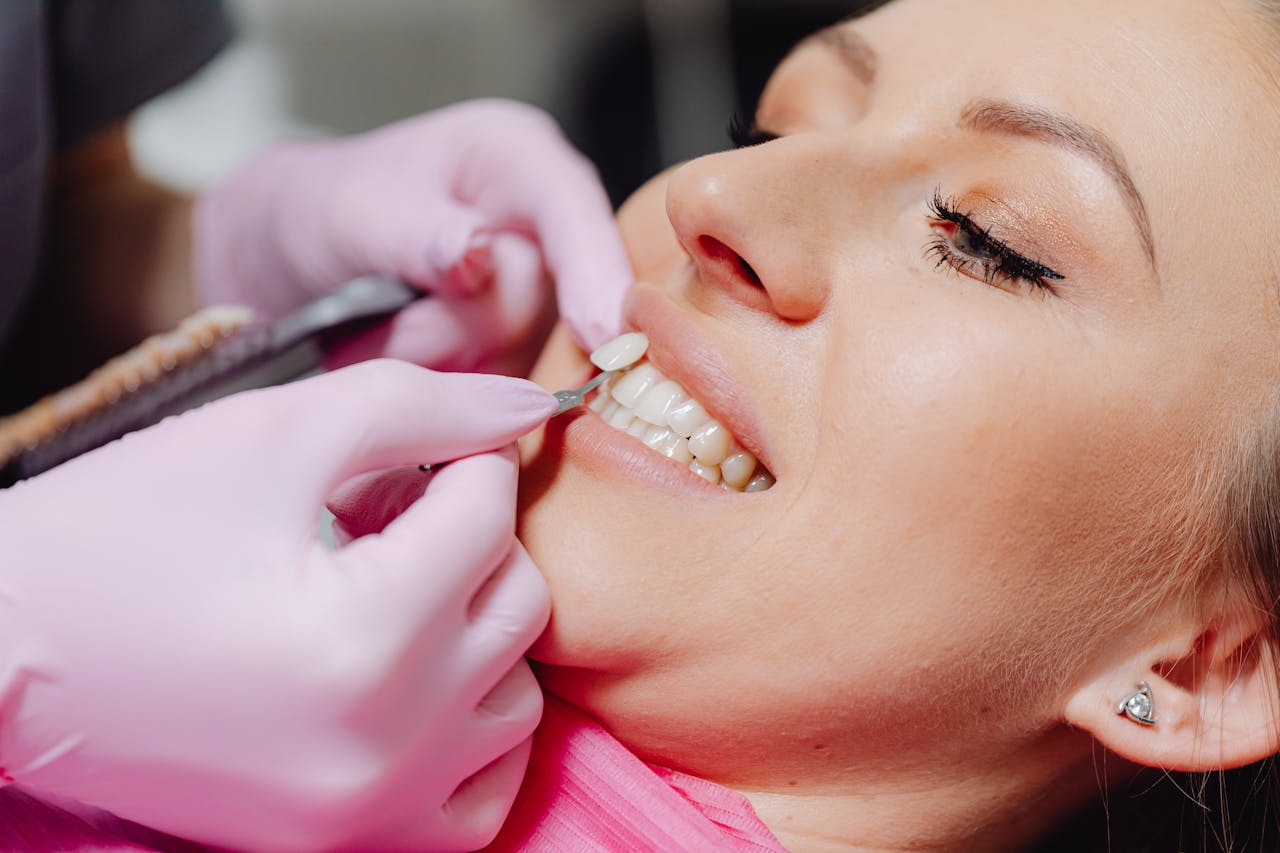Smile with Veneers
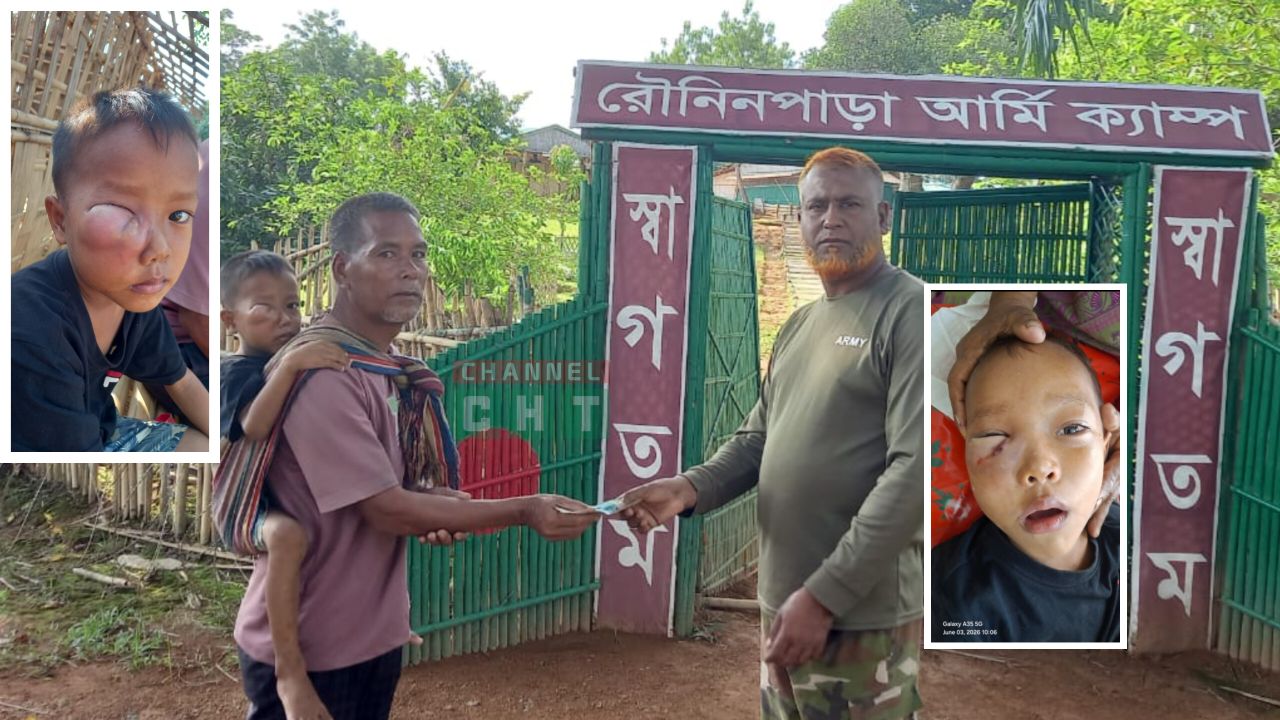 সেনাবাহিনীর তাৎক্ষণিক হস্তক্ষেপে রক্ষা পেল পাহাড়ি শিশুর চোখ: রৌনিনপাড়ায় আর্থিক ও চিকিৎসা সহায়তা প্রদান।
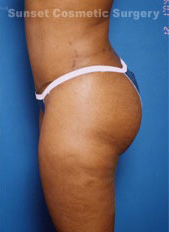 Woman's body, after Tummy Tuck treatment, l-side view, patient 4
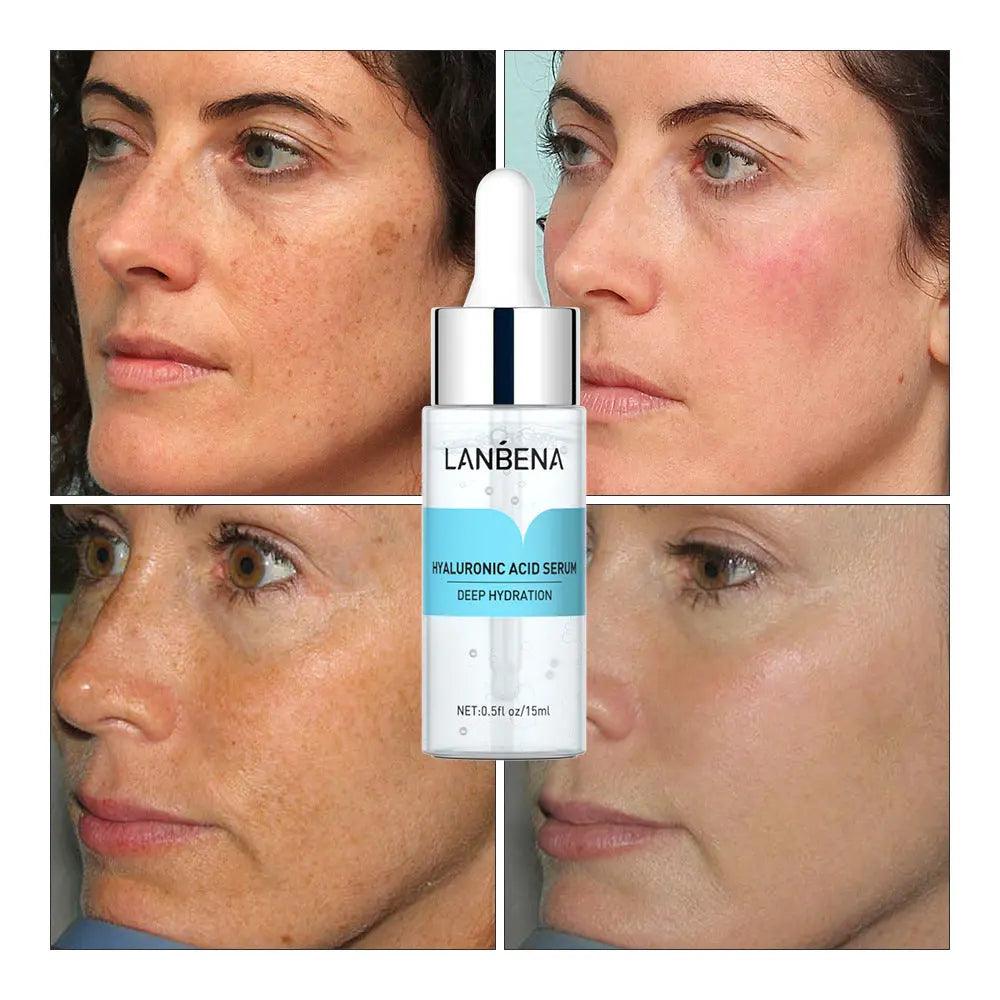 MMU014 LANBENA Hyaluronic Acid Serum - Mariam's Collection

YOUR GOAL: Go through the listing and restate each line word for word, leaving out the pictures.

EXERCISE RESULT:
Smile with Veneers
 সেনাবাহিনীর তাৎক্ষণিক হস্তক্ষেপে রক্ষা পেল পাহাড়ি শিশুর চোখ: রৌনিনপাড়ায় আর্থিক ও চিকিৎসা সহায়তা প্রদান।
 Woman's body, after Tummy Tuck treatment, l-side view, patient 4
 MMU014 LANBENA Hyaluronic Acid Serum - Mariam's Collection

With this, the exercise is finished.